### Assignment Operators

Expressions such as

j = j + 2

in which the left hand side is repeated on the right can be written in the compressed form

j += 2

SPL supports several assignment operators:

 Operator Description += add then assign -= subtract then assign *= multiply then assign /= divide then assign %= modulo then assign >>= bit right shift then assign <<= bit left shift then assign &= bit and then assign |= bit or then assign |^= bit xor and assign @= append then assign @@ concatenate

If e1 and e2 are expressions, then

e1 op= e2

is equivalent to

e1 = (e1) op (e2)

except that e1 is computed only once. Notice the parenthesis.

x *= y + 1

is equivalent to

x = x * (y + 1)

not

x = x * y + 1

Assignment operators are not only fast and concise, they correspond better to the way people think.
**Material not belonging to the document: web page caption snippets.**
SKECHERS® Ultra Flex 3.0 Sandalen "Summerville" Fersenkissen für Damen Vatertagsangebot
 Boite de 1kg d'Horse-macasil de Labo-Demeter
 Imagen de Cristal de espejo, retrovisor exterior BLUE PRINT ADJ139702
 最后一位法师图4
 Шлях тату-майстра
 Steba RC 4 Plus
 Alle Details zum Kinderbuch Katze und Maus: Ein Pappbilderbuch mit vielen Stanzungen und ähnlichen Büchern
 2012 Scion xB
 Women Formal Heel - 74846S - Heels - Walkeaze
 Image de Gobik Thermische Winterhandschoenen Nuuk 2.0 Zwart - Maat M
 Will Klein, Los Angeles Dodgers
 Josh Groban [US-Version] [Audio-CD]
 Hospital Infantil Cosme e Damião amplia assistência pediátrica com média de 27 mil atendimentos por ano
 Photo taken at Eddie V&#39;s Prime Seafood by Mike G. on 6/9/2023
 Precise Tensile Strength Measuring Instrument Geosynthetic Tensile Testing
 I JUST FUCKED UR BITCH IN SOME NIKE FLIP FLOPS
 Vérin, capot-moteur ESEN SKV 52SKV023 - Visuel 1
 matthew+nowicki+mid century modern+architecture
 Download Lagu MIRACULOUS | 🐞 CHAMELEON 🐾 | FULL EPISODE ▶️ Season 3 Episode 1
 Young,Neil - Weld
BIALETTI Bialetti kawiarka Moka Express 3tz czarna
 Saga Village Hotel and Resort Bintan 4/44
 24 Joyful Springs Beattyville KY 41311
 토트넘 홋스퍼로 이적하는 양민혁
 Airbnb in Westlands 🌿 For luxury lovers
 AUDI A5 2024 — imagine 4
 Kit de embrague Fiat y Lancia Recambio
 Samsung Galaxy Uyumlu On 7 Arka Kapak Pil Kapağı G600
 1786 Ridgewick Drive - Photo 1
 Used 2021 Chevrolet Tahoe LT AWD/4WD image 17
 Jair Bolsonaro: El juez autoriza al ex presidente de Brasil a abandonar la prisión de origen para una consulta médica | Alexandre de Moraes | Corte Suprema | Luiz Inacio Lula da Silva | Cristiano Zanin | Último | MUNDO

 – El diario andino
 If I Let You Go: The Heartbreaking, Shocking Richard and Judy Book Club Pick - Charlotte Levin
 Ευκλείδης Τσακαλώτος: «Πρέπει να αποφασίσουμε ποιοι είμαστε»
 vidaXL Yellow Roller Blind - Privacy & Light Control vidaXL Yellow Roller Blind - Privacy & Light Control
We say "add 2 to j" or "increment j by 2," not "take j, add 2, then put the result back into j." Thus, j += 2.

The statement:

a = b @@ c

is more compact and equivalent to

a = concat(b, c)

The statement:

a @= b

is equivalent to

append(a, b)

The @= operator appends the series B to the end of series A in place. a @= b is much faster than a = a @@ b for large series because @= operates on the existing series whereas @@ creates and assigns a new series.